The European Court of Justice (ECJ) ruling of 14 June 2011 followed a case that originated in Germany.  Pfleiderer, a firm in the wood industry, was considering a damages claim against members of a paper cartel.  It sought access to the cartel files held by the German Competition Authority (FCO) in order to substantiate its claim.  A dispute followed over whether disclosing the documents of companies who had cooperated with the FCO would undermine the national leniency programme since potential leniency applicants would fear eventual disclosure.

A German court asked the ECJ for a preliminary ruling whether or not the provisions of EU competition law are to be interpreted as meaning that cartel victims can be granted access to leniency applications received by an EU Member State competition authority.

The ECJ has held  that it was for the courts and tribunals of each EU Member State on the basis of their own national law to determine the conditions under which such access must be permitted or refused by weighing the interests protected by EU law.  The upshot of this ruling is therefore that each judge in each Member State has a discretion as to what type of leniency document can be disclosed to a cartel victim.  The ECJ has therefore distanced itself from recommendations made by the Advocate General who suggested that documents which existed before the cartel was uncovered could be disclosed  but said that submissions drafted for the purpose of revealing the infringement should be protected.
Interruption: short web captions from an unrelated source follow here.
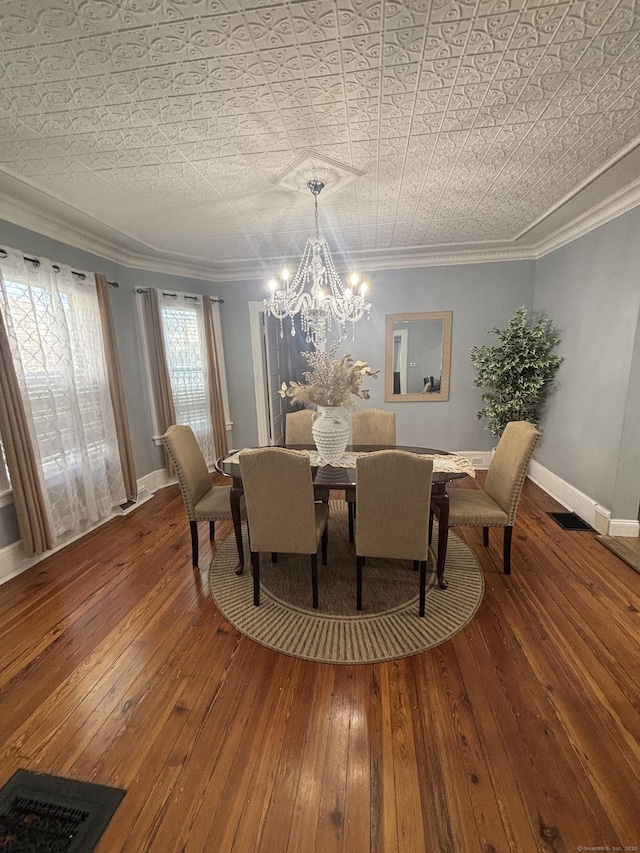 dining space featuring an ornate ceiling, crown molding, and wood finished floors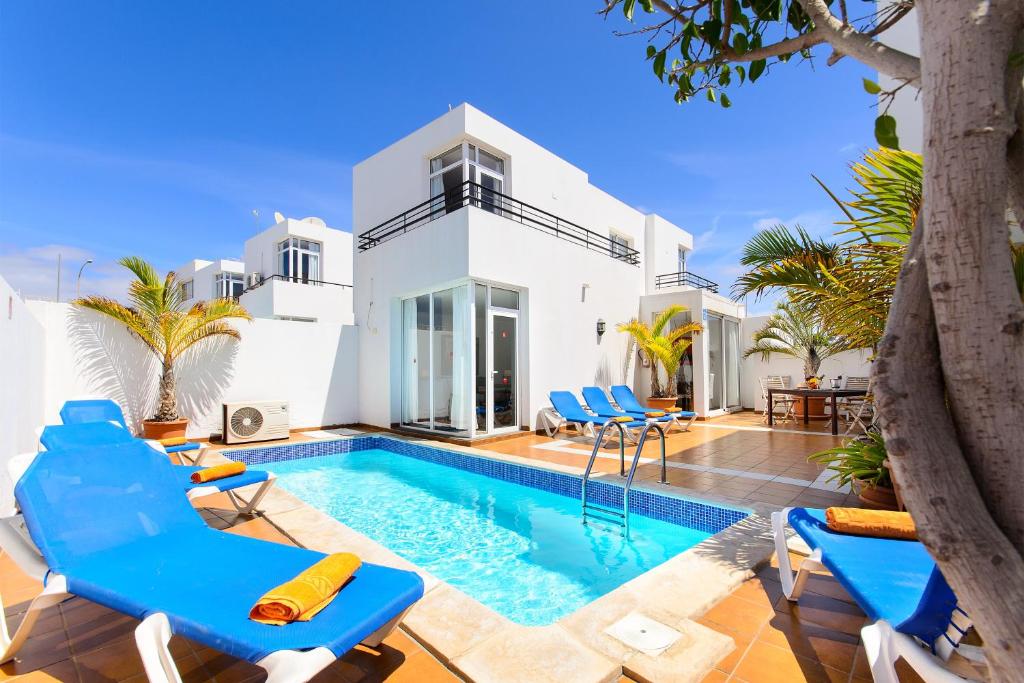 a villa with a swimming pool and blue chairs at Luis ii in Puerto del Carmen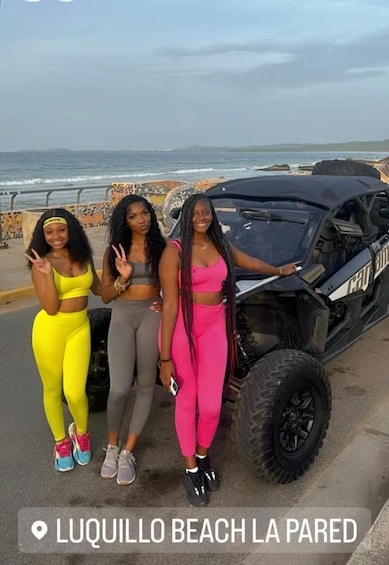 Three people posing by a vehicle on a beach with a rocky shoreline and ocean in the background. 5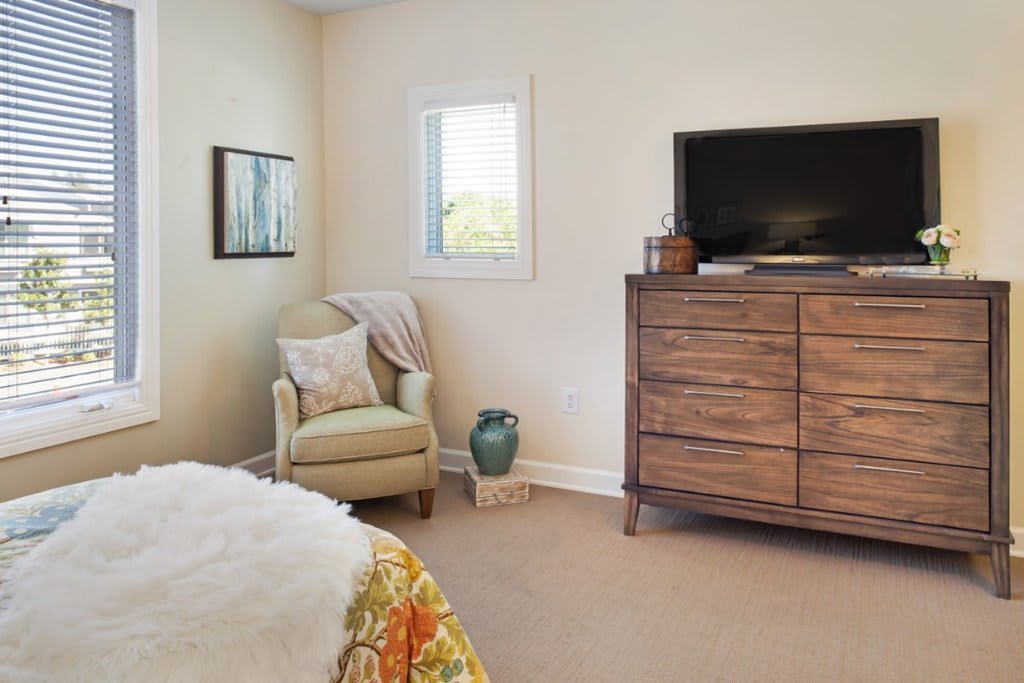 A cozy bedroom with a chair, dresser, and television.
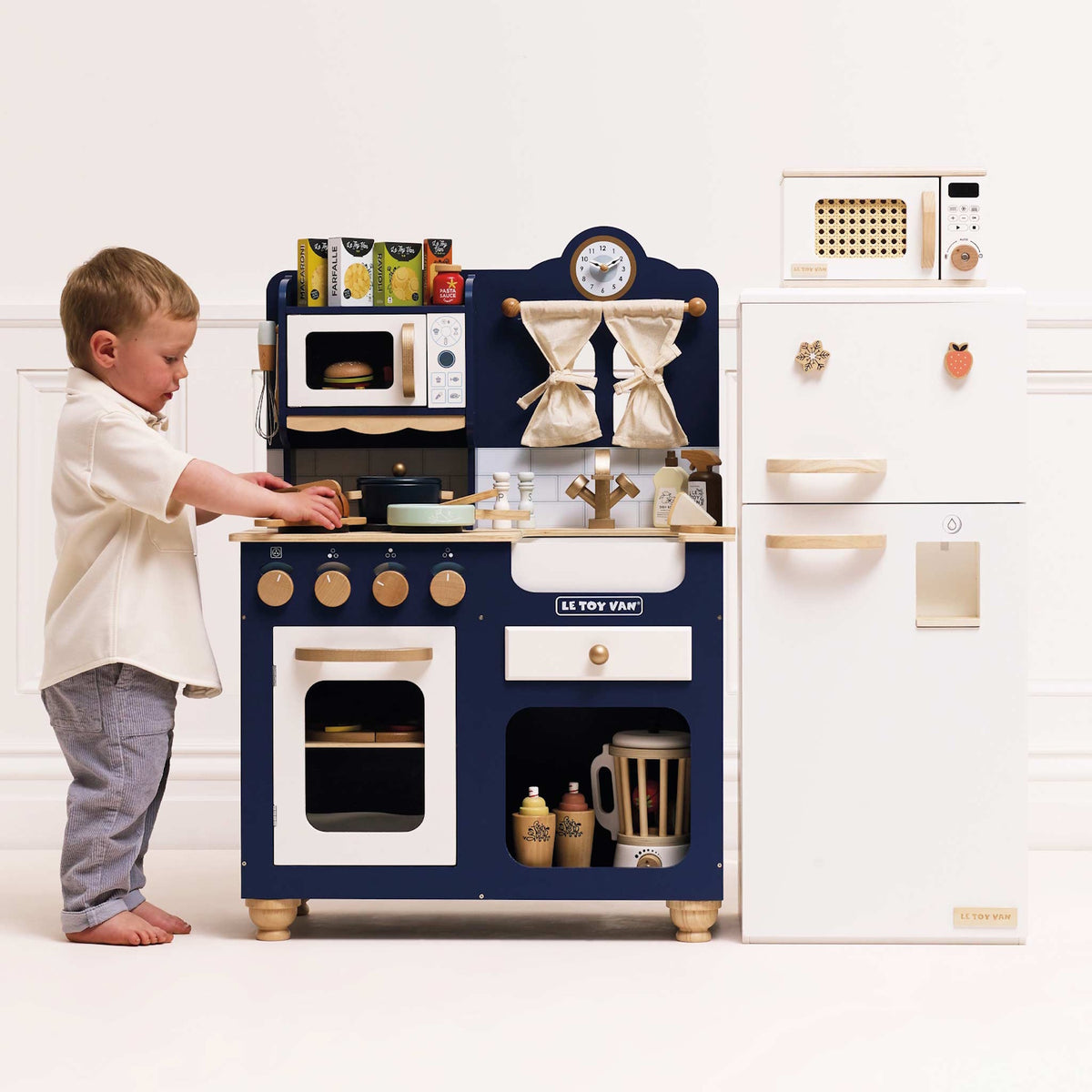 A toddler playing with a blue wooden toy kitchen set next to a white toy fridge.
For leniency applicants, weighing the decision whether to apply for leniency has now become even more complex. On the one hand, a potential leniency applicant stands to benefit from immunity, or a reduction, from fines. On the other hand,  it will now have to take into consideration not only the remaining risk of a fine and criminal sanctions but also the the fact that private damages claimant might get easier access to incriminating evidence. Such complexity is all the more greater given that the ECJ’s ruling may lead to different results in different European countries.